キッチンにいる母親の所へ行き話しかけると、僕が産まれる前に飼っていた犬がいたと話していた。

だが、母親が出産日に病院にいる間に、父親が散歩をしていた時に信号待ちの横断歩道に向かって車が勢いよく父親の方に寄ってきたのをかばうように犬が飛び出しその場で即死したのだったという。

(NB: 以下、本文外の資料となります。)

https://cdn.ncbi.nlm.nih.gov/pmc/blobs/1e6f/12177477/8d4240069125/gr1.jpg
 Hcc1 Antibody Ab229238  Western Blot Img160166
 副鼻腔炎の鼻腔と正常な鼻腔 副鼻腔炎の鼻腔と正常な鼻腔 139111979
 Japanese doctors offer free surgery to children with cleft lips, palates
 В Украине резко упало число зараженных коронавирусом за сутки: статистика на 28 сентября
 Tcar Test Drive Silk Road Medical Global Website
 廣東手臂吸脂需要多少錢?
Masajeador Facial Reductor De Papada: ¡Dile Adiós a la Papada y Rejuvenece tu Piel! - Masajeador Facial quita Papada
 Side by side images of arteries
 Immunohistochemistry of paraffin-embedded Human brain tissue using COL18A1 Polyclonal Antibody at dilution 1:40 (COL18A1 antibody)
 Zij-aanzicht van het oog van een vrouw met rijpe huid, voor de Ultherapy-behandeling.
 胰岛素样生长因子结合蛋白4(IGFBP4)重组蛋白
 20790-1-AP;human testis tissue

ある意味父親を救ってくれたんだと思うと胸が締めつけるように苦しくなってきた。


「もしかしたら、お父さん貴方に会いにきたんじゃない?」

「そうなのかな……」

「もうすぐだね」

「何?」

「来週お父さんの祥月命日よ」


父親はきっと、僕が受験で頭がいっぱいになっているのを、少しは息抜きでもしなさいと伝えにきたのかもしれない。


そういえば塾に通い出してから苛立つ事も増えてきた。時々母親にも些細な事で口論する事もある。それを見かねた父親が僕の元へ会いに来てくれたのだろう。

母親が出してくれたアルバムを開いてしばらく眺めては、ふざけてカメラを覗き込む姿の幼い自分に笑ってしまった。

父親も仕事が忙しい人だったが、その合間を縫ってこうして写真を撮ってくれた。


「お母さん、ビールある?」

「何するの?」

「仏壇に供えるよ」


冷蔵庫から缶ビールをひとつ取り出して、仏壇に置き合掌した。大学に行けるように見守っていてほしいと心の中で伝えて、再び自分の部屋に入り机に向かって勉強を始めた。


「無理せず、自分らしくいなさい」


いつしか担任の先生が言っていた言葉を父親の言霊の様に重ね合わせて、僕は僕らしくこれからも父親の分と併せて生きることを決めた。


お父さん、会いに来てくれてありがとう。